Directions :: Exactly the lines from the one containing "The Image of Sea Ray Sundancer 310 2010 - 0" through the final line of the data below, with pictures omitted, make up the answer.

Items listed in a dataset ::

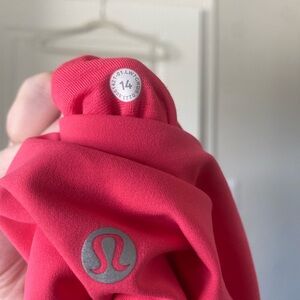 Lipgloss Align 6” shorts with pockets lululemon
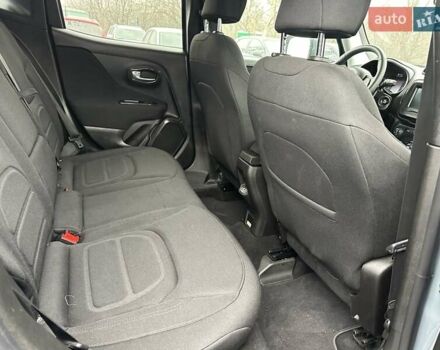 Серый Джип Ренегат, объемом двигателя 2.36 л и пробегом 105 тыс. км за 15999 $, фото 56 на Automoto.ua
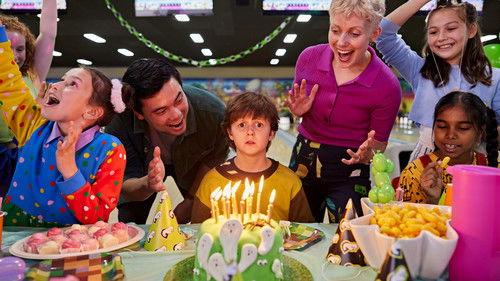 Spooky Files Season 1 Episode 8 - Back to the Berty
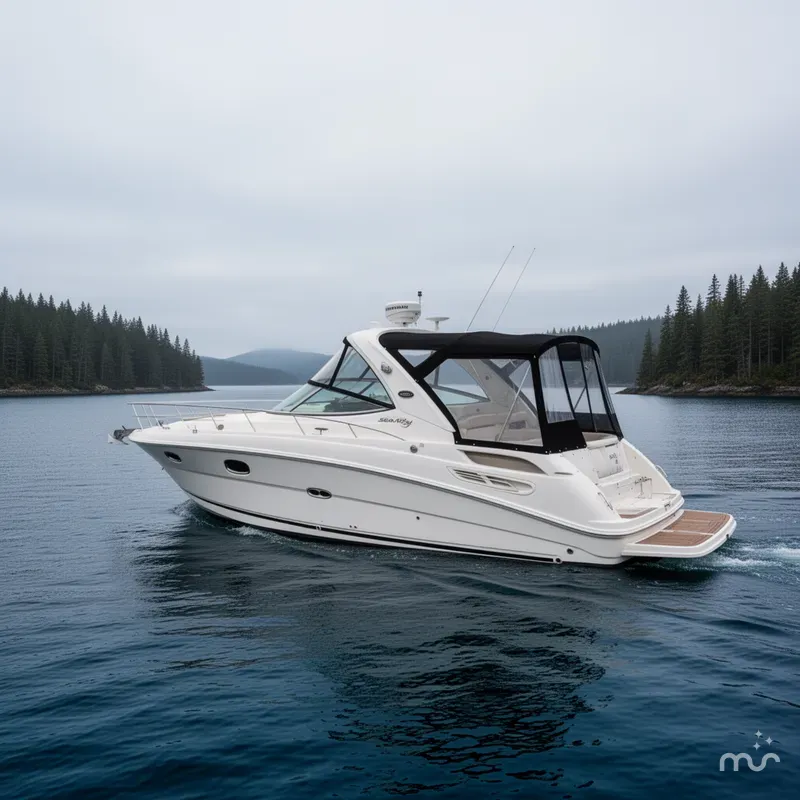 The Image of Sea Ray Sundancer 310 2010 - 0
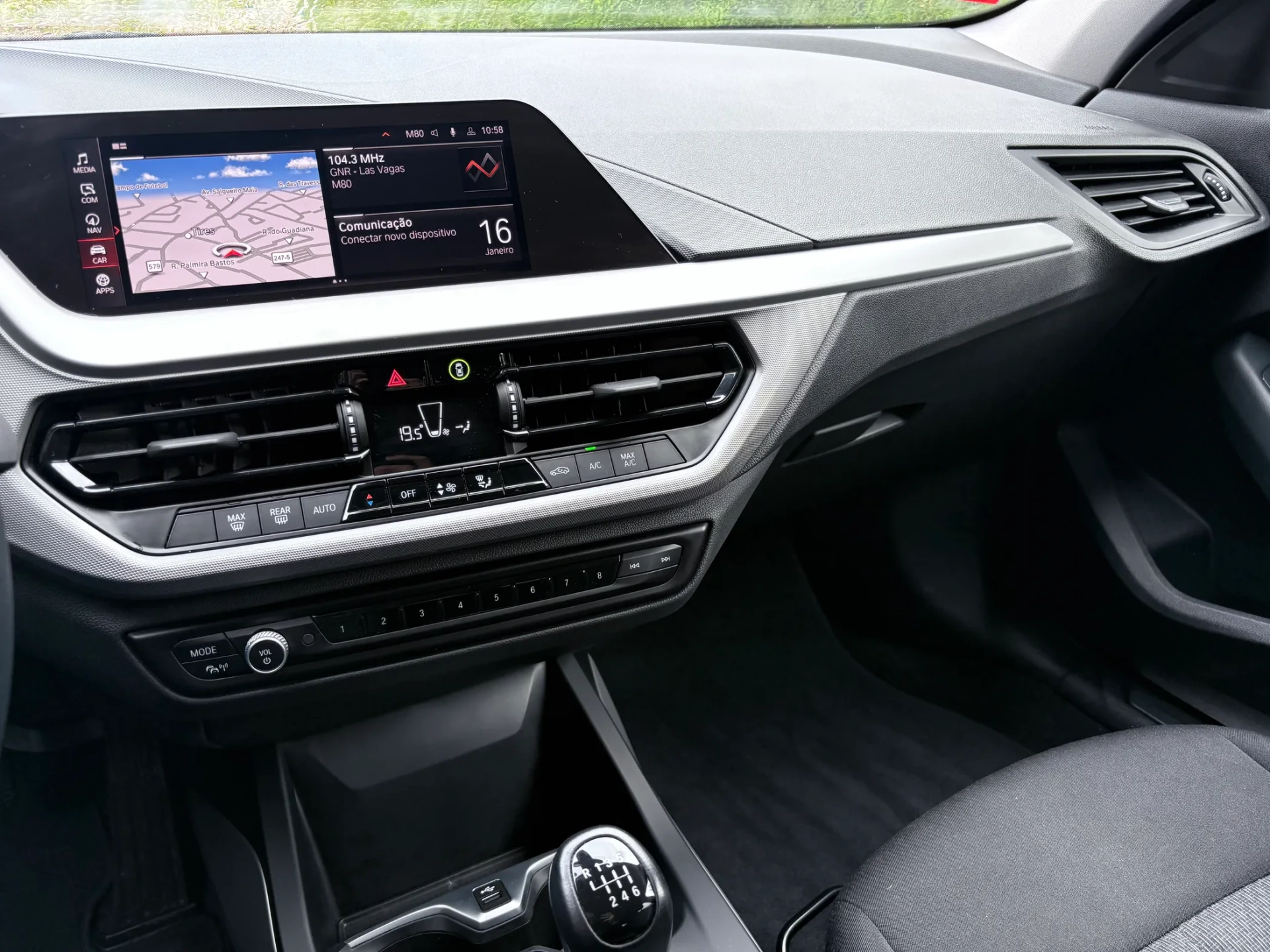 BMW 116 i Advantage 46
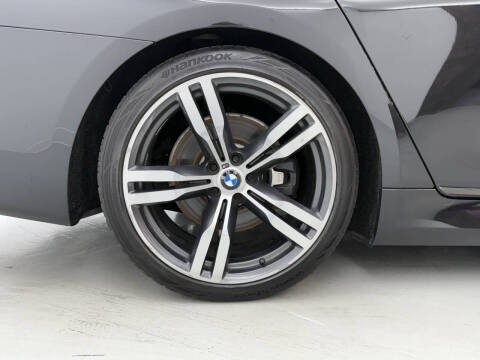 2016 BMW 7 Series 750i xDrive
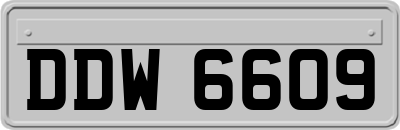 DDW6609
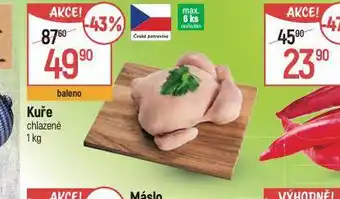 Globus Kuře nabídka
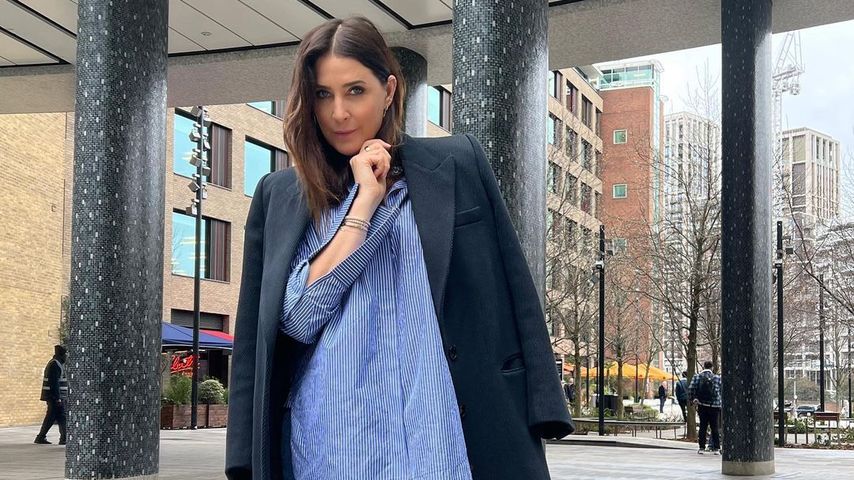 Lisa Snowdon im Februar 2023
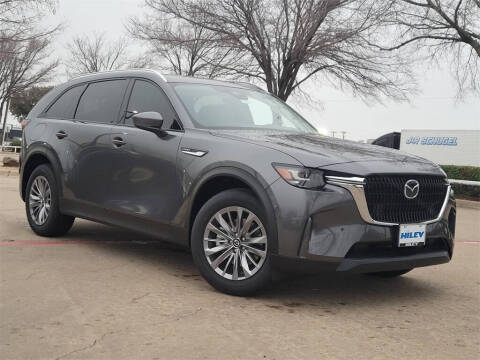 2025 Mazda CX-90 PHEV for sale at HILEY MAZDA VOLKSWAGEN of ARLINGTON in Arlington TX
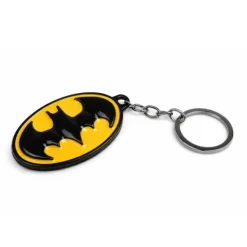 Bat znak | 5 cm | Metal | Brelok Filmowy | Batman
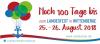 Vorschaubild der News: Noch 100 Tage bis zum BRANDENBURG-TAG!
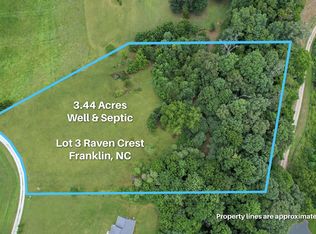 733 Fred Dalton Rd, Franklin, NC 28734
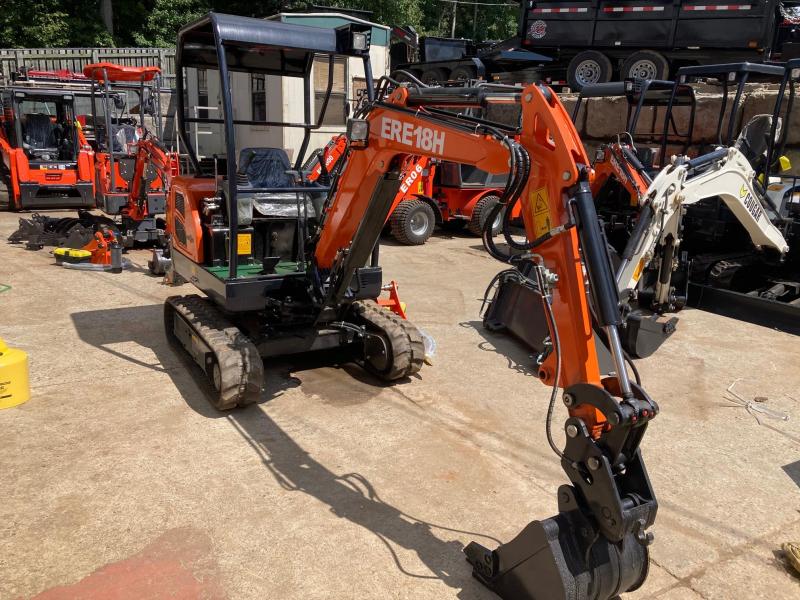 2021 Everun ERE18H Mini Excavators 19HP Kubota Diesel 4000# Retractable Tracks 2021 Everun ERE18H Mini Excavators 19HP Kubota Diesel 4000# Retractable Tracks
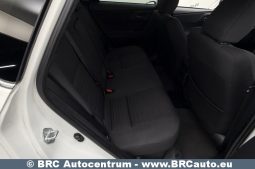 Toyota Auris 1.8 Hybrid Automatas 2016 full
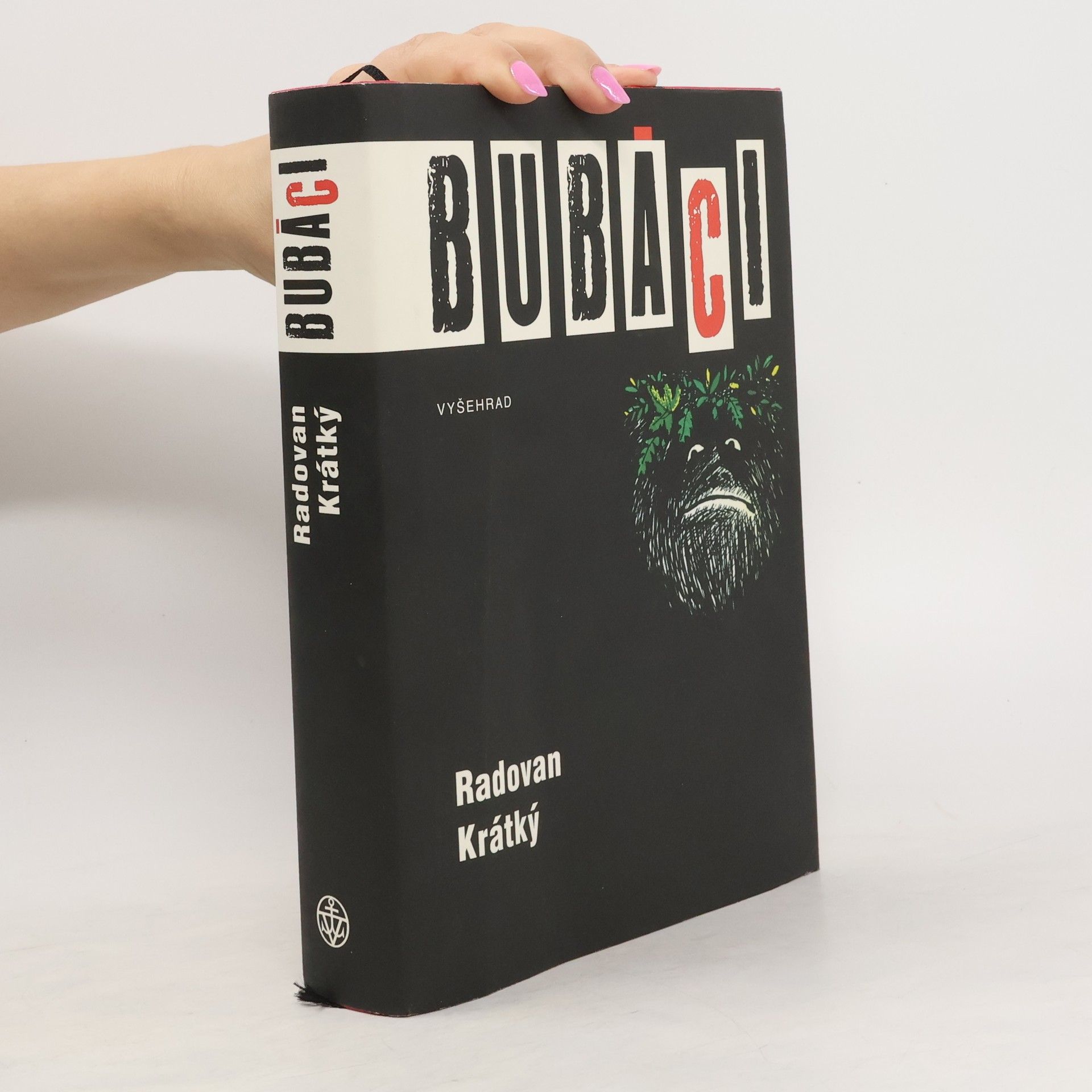 Radovan Krátký Bubáci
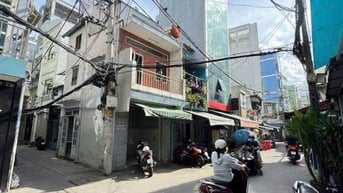 Bán nhà hẻm xe tải 8m Cách Mạng Tháng 8, Phường Hòa Hưng, HCM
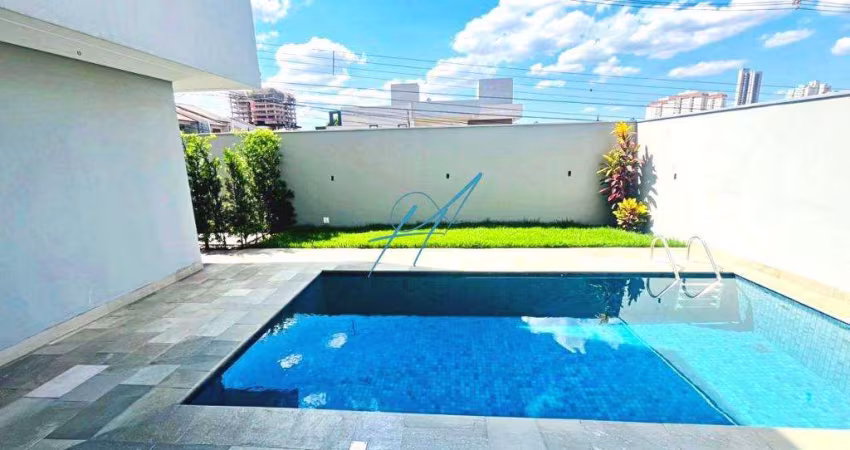 Casa à venda em Maringá, Jardim Cidade Monções, com 3 quartos, com 237.5 m²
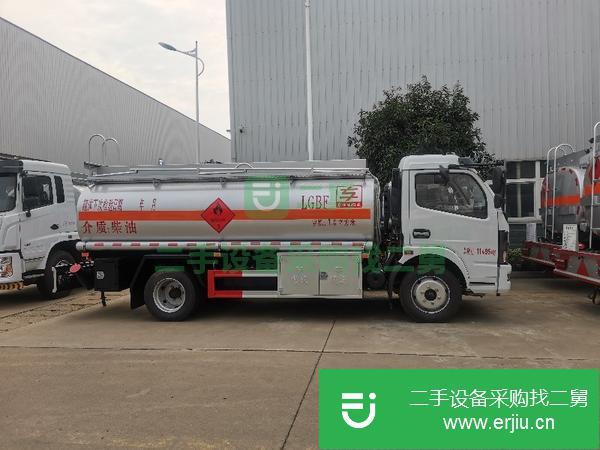 重慶出售二手8噸油罐車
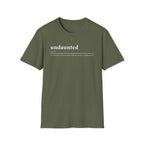Undaunted T-Shirt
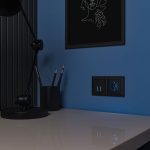 Розетка с подсветкой Werkel 4690389171727 W1171408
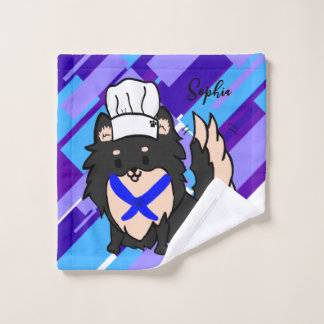 mignon chef pom noir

Answer section ::
 The Image of Sea Ray Sundancer 310 2010 - 0
 BMW 116 i Advantage 46
 2016 BMW 7 Series 750i xDrive
 DDW6609
 Globus Kuře nabídka
 Lisa Snowdon im Februar 2023
 2025 Mazda CX-90 PHEV for sale at HILEY MAZDA VOLKSWAGEN of ARLINGTON in Arlington TX
 Bat znak | 5 cm | Metal | Brelok Filmowy | Batman
 Vorschaubild der News: Noch 100 Tage bis zum BRANDENBURG-TAG!
 733 Fred Dalton Rd, Franklin, NC 28734
 2021 Everun ERE18H Mini Excavators 19HP Kubota Diesel 4000# Retractable Tracks 2021 Everun ERE18H Mini Excavators 19HP Kubota Diesel 4000# Retractable Tracks
 Toyota Auris 1.8 Hybrid Automatas 2016 full
 Radovan Krátký Bubáci
 Bán nhà hẻm xe tải 8m Cách Mạng Tháng 8, Phường Hòa Hưng, HCM
 Casa à venda em Maringá, Jardim Cidade Monções, com 3 quartos, com 237.5 m²
 重慶出售二手8噸油罐車
Undaunted T-Shirt
 Розетка с подсветкой Werkel 4690389171727 W1171408
 mignon chef pom noir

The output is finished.